There are no infinities in reality. None.
And yet here I sit, owning a real infinity. You might as well tell me via my computer monitor that there are no computer monitors in reality.
Certainly it can be defined using only words, but you're not going to like it.
You have not defined infinity. Not close.
Dude, I defined it; and you claimed I didn't define it
right after you snipped my definition out. What is wrong with you? Feel free to quote my definition back to me and tear it to shreds if you can; but claiming I didn't define it is just a dick move.
For your convenience, here it is again:
A set is defined as "infinite" just in case it can be put in a "one-to-one and onto" mapping with a proper subset of itself.
You have described some aspects of an arbitrary infinite operation.
Not so. There's no infinite operation involved in the above definition. Here, for example, is a "one-to-one and onto" mapping from a set to a proper subset of the same set:
Code:
integer function f (integer x)
if x <= 0
return x
else
return x + 1
(That's the same function I showed in my last post; in that post I gave a fragment of an infinite description of it, but as you can see, it's perfectly possible to give a finite and complete description of the same function.) The function f(x) satisfies all the requirements of the definition: for any integer you put in you'll get an integer out; if you put two different integers in you'll get two different integers out, and the set of everything you can get out of it is a "proper subset" of the set of everything you can put into it, which is to say, there's an integer you can put in that you can't get out of it (in this case the integer 1). That's it. That's the whole thing. It fits in five lines of code and it doesn't contain any loops. Every bit of that operation is finite. So clearly such a function exists for the set of integers. For sets other than the integers, we can do the same sort of operation for some of them, but not for others. Any set for which a function like the above f(x) exists, we call "infinite". Any set for which a function like that one doesn't exist, we call "finite". So how the devil do you figure that isn't a proper definition?

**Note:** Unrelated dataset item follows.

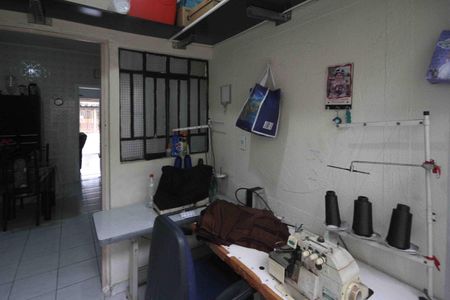 Casa para alugar com 250m², 4 quartos e 3 vagasHall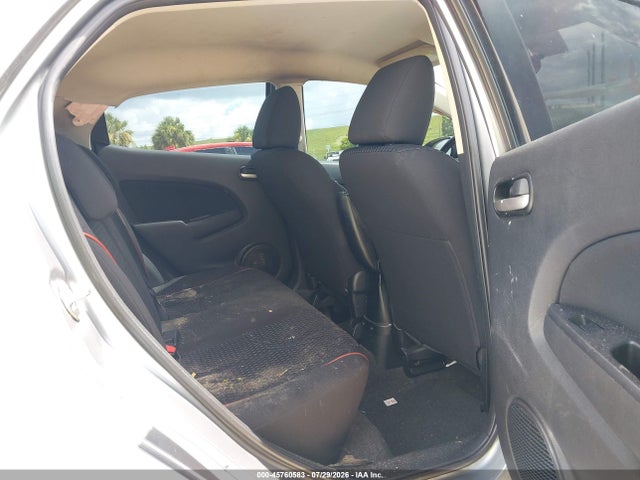 Aukcja sprzedaży 2011 Mazda Mazda2 Touring, vin: JM1DE1HY4B0110412, numer aukcji: 45760583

Does it have a definition or not?
Yes, and I've posted the definition, twice now. In what way does it fail to define "infinite".
No infinity can exist.
Propose one and I will explain why it is physically impossible.
I propose the infinite number of distinct points in a finite volume of space, or in a finite amount of spacetime if you prefer to work in four dimensions. (Mathematically, this is the same sort of infinity as the infinity of real numbers between 0.0 and 1.0, which includes all the decimal numbers like 0.532, the rational numbers like 2/3, the algebraic numbers like the square root of 1/2, and the transcendental numbers like 1/pi.)
To say such a set of points in space is "physically impossible" is to claim there's a law of physics that it violates. What law of physics do you imagine it violates?
Based on the laws of physics as we currently know them, including quantum mechanics and relativity, that particular infinity is not only physically possible, but
physically necessary. A volume of space containing only a finite number of discrete points is physically impossible, as far as physicists can currently tell. Physics appears to require space to be continuous.
If space is discrete then relativity is wrong. But relativity has been very thoroughly tested and appears to be right. Therefore, if you propose that relativity is nonetheless wrong, the burden is on you to present an alternative theory of time and space that is both (a) consistent with discrete space, and (b) at least as accurate as relativity at predicting our observations. Break a leg.